> _What is being asked_
Restate word for word the lines in the listing below, starting at the line containing "9610 N Centennial" and ending at the line containing "112 women to", both included; leave out the rest.

> _Input_
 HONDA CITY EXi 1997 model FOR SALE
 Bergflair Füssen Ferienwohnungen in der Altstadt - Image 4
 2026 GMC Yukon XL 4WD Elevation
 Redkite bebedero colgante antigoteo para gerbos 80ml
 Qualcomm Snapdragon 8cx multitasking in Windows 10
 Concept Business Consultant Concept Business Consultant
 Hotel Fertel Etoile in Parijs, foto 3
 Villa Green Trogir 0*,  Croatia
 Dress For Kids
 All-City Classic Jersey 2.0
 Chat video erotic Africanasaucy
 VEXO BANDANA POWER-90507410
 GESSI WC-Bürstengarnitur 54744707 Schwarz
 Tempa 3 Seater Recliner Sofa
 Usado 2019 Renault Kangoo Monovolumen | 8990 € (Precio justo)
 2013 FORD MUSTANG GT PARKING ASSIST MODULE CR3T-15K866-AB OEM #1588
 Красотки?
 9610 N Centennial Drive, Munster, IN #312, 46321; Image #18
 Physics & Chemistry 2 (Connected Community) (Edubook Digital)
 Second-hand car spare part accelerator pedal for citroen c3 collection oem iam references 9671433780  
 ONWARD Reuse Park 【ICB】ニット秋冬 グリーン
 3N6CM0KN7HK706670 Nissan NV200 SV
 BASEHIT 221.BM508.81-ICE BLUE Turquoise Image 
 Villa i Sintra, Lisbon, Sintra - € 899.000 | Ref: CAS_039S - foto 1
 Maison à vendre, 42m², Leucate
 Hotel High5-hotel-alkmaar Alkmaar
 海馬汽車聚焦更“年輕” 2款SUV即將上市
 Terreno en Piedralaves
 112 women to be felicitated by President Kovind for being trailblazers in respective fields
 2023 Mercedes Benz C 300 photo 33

> _Response to this task_
 9610 N Centennial Drive, Munster, IN #312, 46321; Image #18
 Physics & Chemistry 2 (Connected Community) (Edubook Digital)
 Second-hand car spare part accelerator pedal for citroen c3 collection oem iam references 9671433780  
 ONWARD Reuse Park 【ICB】ニット秋冬 グリーン
 3N6CM0KN7HK706670 Nissan NV200 SV
 BASEHIT 221.BM508.81-ICE BLUE Turquoise Image 
 Villa i Sintra, Lisbon, Sintra - € 899.000 | Ref: CAS_039S - foto 1
 Maison à vendre, 42m², Leucate
 Hotel High5-hotel-alkmaar Alkmaar
 海馬汽車聚焦更“年輕” 2款SUV即將上市
 Terreno en Piedralaves
 112 women to be felicitated by President Kovind for being trailblazers in respective fields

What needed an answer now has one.